First and foremost, the material should be relatively inexpensive and plentiful. The engineers stepped in and claimed: It should be light-weight, strong, resistant to corrosion and heat, and should be a good conductor for electricity. And ofcourse, because we love to experiment, it should readily combine with other materials.

That material was aluminum, the third most plentiful element on the planet.

Now it’s the second most popular metal for creating things (right after steel/iron). It is so predominant that most of us use it every day without thought (and also because of smartphones and social media).





Aluminum offers the following properties that grant it such universal acceptance:

  • Durability — Aluminum offers a high strength to weight ratio. Hence for every unit of weight, aluminum is known to absorb nearly twice the strain/stress compared to steel.
  • Corrosion Resistant — Aluminum naturally forms an extremely thin layer of oxide by reacting with the atmospheric oxygen.

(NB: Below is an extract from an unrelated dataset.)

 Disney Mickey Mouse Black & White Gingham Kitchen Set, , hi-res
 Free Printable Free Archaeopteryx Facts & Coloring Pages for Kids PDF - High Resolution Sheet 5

The layer provides excellent corrosion protection, and is self-repairing! If damaged, the aluminum reacts to recreate it.
  • Malleability — Aluminum easily combines with other metals without reacting with them, making it a great metal for creating alloys that are stronger than it.
  • Formability — Aluminum can be molded and worked into innumerable shapes with ease. This allows aluminum sheets and foils to be easily used to a diverse range of shapes. Coupled with its inertness to corrosion, resistance to heat, and durability, aluminum has made its way into around the globe as aircrafts and automobiles, and as toasters, watches, and other household items.
  • Conductivity — Aluminum weighs half as much as copper while offering excellent conductivity for heat and electricity. Hence it has become the choice for heat sinks in electrical and electronic components, overhead wires, and within electronic circuitry.
  • Ease of recycling — Aluminum is one of the most inert metals on the planet. This property prevents it from readily and permanently bonding with other materials. This makes it easier to separate aluminum from other components, making it a highly environmental friendly metal.
  • Energy efficiency — Molding aluminum takes a significantly less amount of energy.  For example, using aluminum to replace steel in traditional vehicles is expected to saves the equivalent of 108 million barrels of crude oil in energy!